**Problem to work on**
Your task is to output, without alteration, each line from the one containing "Random Access Memories SNL Ad" through the final line of the records below.

**Data for this task**

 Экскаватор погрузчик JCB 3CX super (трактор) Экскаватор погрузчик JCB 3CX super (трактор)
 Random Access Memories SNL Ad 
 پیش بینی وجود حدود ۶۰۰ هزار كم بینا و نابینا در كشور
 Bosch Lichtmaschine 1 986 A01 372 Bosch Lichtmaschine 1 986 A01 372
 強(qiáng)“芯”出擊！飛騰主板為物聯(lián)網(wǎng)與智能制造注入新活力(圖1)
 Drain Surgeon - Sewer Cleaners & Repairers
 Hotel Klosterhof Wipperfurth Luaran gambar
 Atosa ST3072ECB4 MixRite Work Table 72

**Task output**
 Random Access Memories SNL Ad 
 پیش بینی وجود حدود ۶۰۰ هزار كم بینا و نابینا در كشور
 Bosch Lichtmaschine 1 986 A01 372 Bosch Lichtmaschine 1 986 A01 372
 強(qiáng)“芯”出擊！飛騰主板為物聯(lián)網(wǎng)與智能制造注入新活力(圖1)
 Drain Surgeon - Sewer Cleaners & Repairers
 Hotel Klosterhof Wipperfurth Luaran gambar
 Atosa ST3072ECB4 MixRite Work Table 72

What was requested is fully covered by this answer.